Between the Two Worlds of Desire and Anxiety
Meanwhile, there are always two worlds coexisting and colliding on his stage. In Forbidden Plan (Seoul Art Space Mullae Box Theater, 2018), he presents a world that we wish to reach alongside the present reality. In Before It Turns Whiteout (Namsan Arts Center, 2018), a world already long forgotten collides with the present. In Boredom Growing up with Ever Expanding Universe (Seoul Dance Center, 2015), the artist himself stands before a flippant desire about a world expanding tremendously and an equally tremendous future. In Brightness Alone (Seoul Art Space Mullae Box Theater, 2016) presents his identity as an artist as well as a human being.
He removes all exceedingly incomplete and perhaps deliberately artistic rhetoric from the gap between the two worlds that clearly branched part from a single origin, and highlights the remnant infantility through a staged visual image. This can be seen in the furniture and door made of thin paper that crumples so easily with the slightest pressure despite appearing to be fixed in place (In Brightness Alone), as well as in the hill of the artists filled with shamelessly crude tree, grass, and rock set pieces that allegedly went for realism (Forbidden Plan). his stage is a space of absence, where in methods that should exist and appear, do not. Perhaps such absence is his way of deliberately erasing all artistic rhetoric from a world in which even the artist himself remains fettered. Amidst the seemingly unbridgeable gap between the desire for the out-of-reach realities and the actual present, new possibilities remain open. his performances are the spatial manifestation of his determination for self-reflection and self-reinvention in the context of such new open possibilities. Questions that the artist asks himself about art and himself as an artist are found accumulated in the artist’s works from 2015 to 2019. His works are a compressed history of performance and a meta-critique. Perhaps then it is time for him to take that question and look beyond the theater walls. Considering how the impetus for all art thus far has come from the art and artists who voluntarily chose to remain in the periphery instead of the center, the time is ripe for him to provide such driving force for our art here today. I look forward to seeing him enter the reality beyond the frame of art he sought to overcome, via art, and begin to rattle the countless other frames existing in such reality.

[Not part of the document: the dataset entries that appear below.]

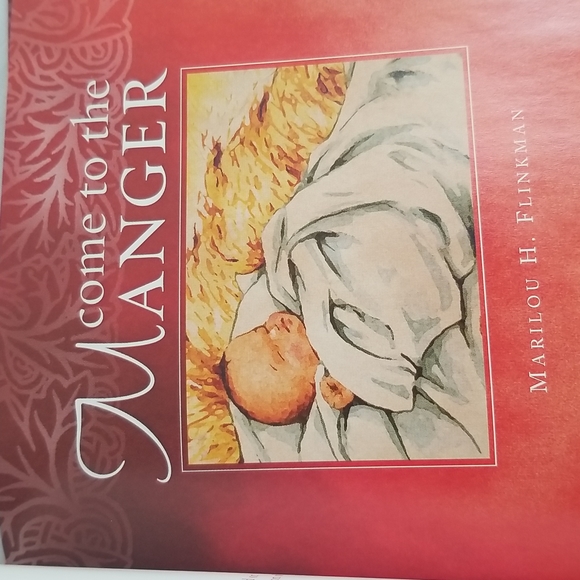 💥4 Christmas book set - Picture 4 of 6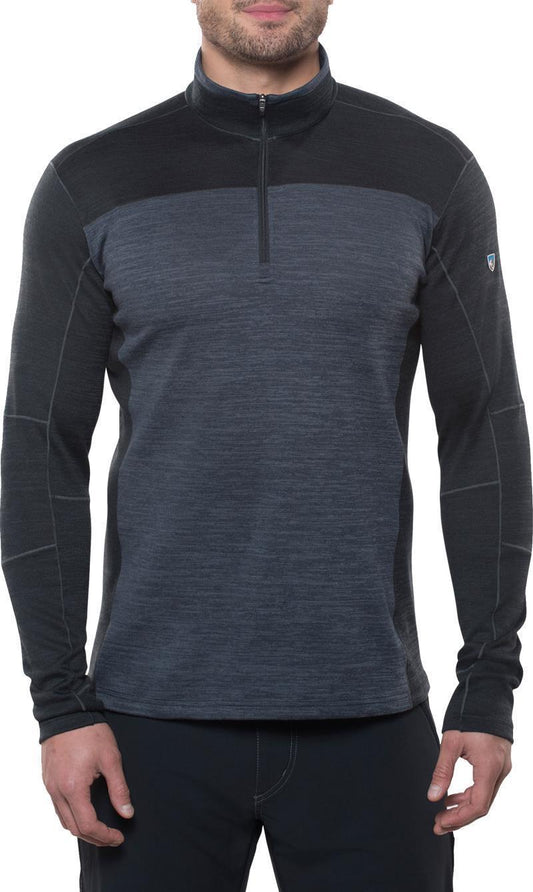 Ryzer - Mens - Black / Koal 1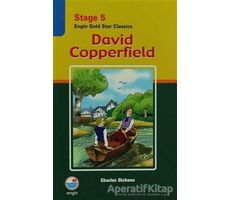 Stage 5 - David Copperfield - Charles Dickens - Engin Yayınevi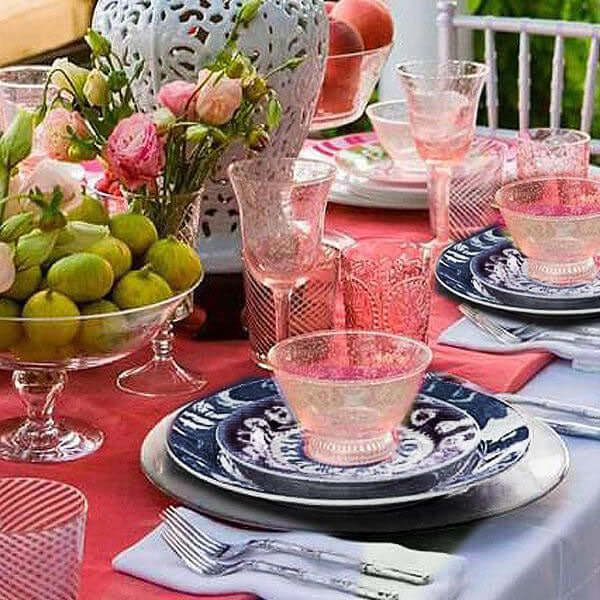 12-Pack Porcelain Dinner Plates White/Black Break Resistant - Durable Microwave Safe Plates with Art Nouveau Rim 11"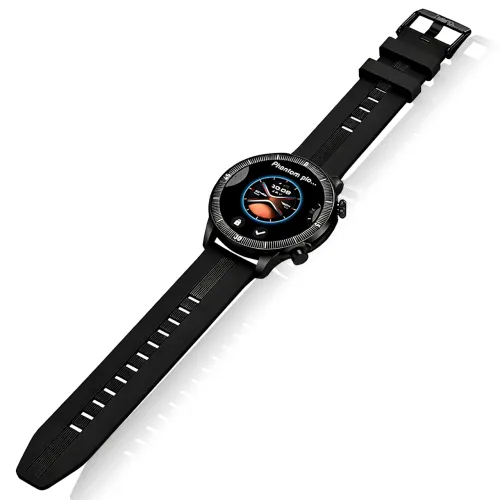 Смарт-годинник HOCO Y31 Smart Sports Watch (Call Version), 1.46'' HD 360×360, Bluetooth-дзвінки +SIM, SpO2, пульс, сон, IP67, мета - фото 3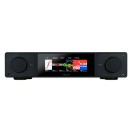 Arcam Radia SA35 Streaming Integrated Amplifier, Black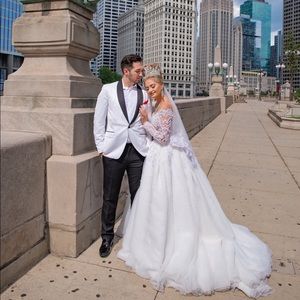 Meet your Posher, Aleeyah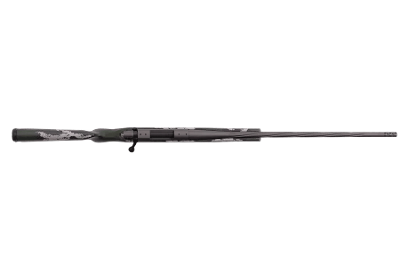 WEATHERBY VANGUARD TALON .270 WIN - Image 4 of 4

LEE Kyung Mi is a theater scholar and critic. She received a doctorate in German Literature from Korea
University before studying at the Heinrich Heine University Düsseldorf in Germany. Currently studying
the ‘aesthetics of the gap’ the moment occurring when performing arts go beyond their existing boundaries, and how that pertains to humanities, across the backdrop of the question of ‘theatricality.’ Occasionally working as a dramaturg, Lee seeks to find the point of intersection between theory and practice.